Andrea's Crash Course in Chapter 3
There are multiple ways to compute the potential, and each is suited to a different set of circumstances:
Compute directly
I would consider this a last resort unless you’ve got a point charge.
\[V(r) = \frac{1}{4\pi\epsilon_0}\int \frac{1}{R}\rho(\vec{r}^\prime) d\tau^\prime.\]where as always \(R = \vec{r} - \vec{r}^\prime\).
Integrating Poisson’s (or Laplace’s) equation’s twice to get the potential
This works great in one dimension when you have boundary conditions, because you can integrate it twice to get rid of the derivatives. You’ll have two constants of integration, which you can figure out by using the boundary conditions.
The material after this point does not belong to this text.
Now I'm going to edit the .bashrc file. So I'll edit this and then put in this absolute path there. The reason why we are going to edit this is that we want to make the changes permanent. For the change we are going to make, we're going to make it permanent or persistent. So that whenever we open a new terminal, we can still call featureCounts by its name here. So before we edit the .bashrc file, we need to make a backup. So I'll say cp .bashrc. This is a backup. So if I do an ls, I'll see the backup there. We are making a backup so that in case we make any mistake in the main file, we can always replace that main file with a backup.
\[\nabla^2 V = \frac{d^2V}{dx^2} = -\frac{\rho}{\epsilon_0}\]Method of Images
Create a set of charges outside the region of interest that produce a potential in the region of interest that matches the boundary conditions. It’s useful for point charges near conducting planes and conducting spheres. Note that if what you really want is the field rather than the potential, you can compute it directly from the image charges (rather than computing \(V\) and taking the gradient).
Separation of variables
You assume your solution is the product of two functions, each of which is a function of only one variable, and then you use boundary conditions to find the potential. This works great if you have cartesian boundaries, in which case you get solutions that are products of exponentials and/or sinusoids.
In spherical coordinates this works, too, as long as you have azimuthal symmetry (i.e. nothing in the problem involves \(\phi\)) You end up with Legendre Polynomials in the function of \(\theta\).
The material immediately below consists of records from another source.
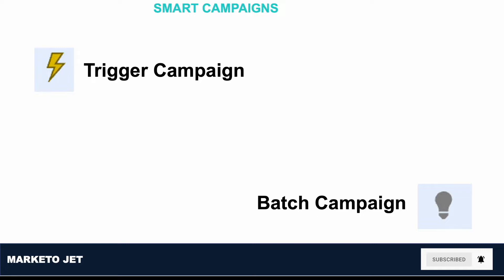For instance, as you fill a Marketo form to attend a webinar, a Trigger campaign is set up to listen for a specific action like a form fill on a specific registration page. Once somebody fills that form, they will qualify for the workflow set up under the flow steps. For example, if you fill that form, you will get a registration confirmation email that is set up under the flow step.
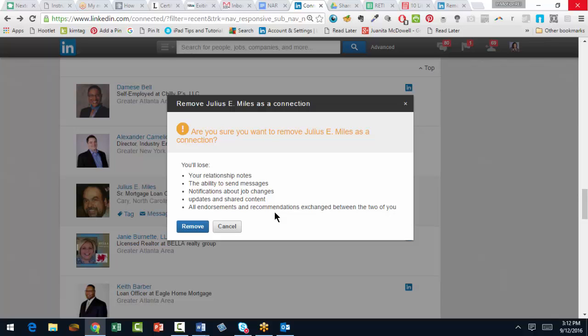Now, not only that, but whoever deletes the connection is the only one who can initiate back the connection. So make sure you understand that as well. Click on Remove and you're off to the races.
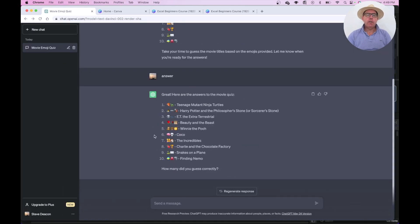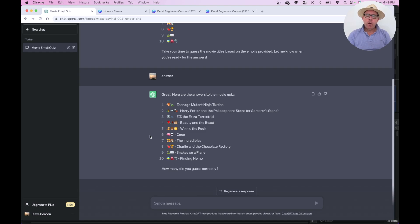So that's it — just a little bit of fun. I hope you enjoyed that one, very, very quick. Try it yourself. Try it with song titles if you like, or something like that, and just see if you can guess the emojis and the titles. I'll be honest with you, I'm not sure they're always that accurate, but it's just a bit of fun.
You’ll be doing the cylindrical version of separation of variables for homework.
Multipole Expansion
If you’re interested in the potential outside of a particular charge distribution, the multipole expansion is useful because it’ll tell you what the dominant term in the potential is…the next leading term…etc. The general solution to Coulomb’s law (at the top of this page) actually naturally gets you Legendre Polynomials. Note that you don’t need boundary conditions to use a multipole expansion, because the multipole expansion is actually a formula for the potential given a particular charge distribution.
When would you do this? (Ethan asked this question after class on Friday). Here’s my tentative answer (we may want to adjust it over the course of the semester). If you have a weird charge distribution and you don’t actually want the exact potential, but just an approximation, this would be a good method. You would only keep the first couple of terms.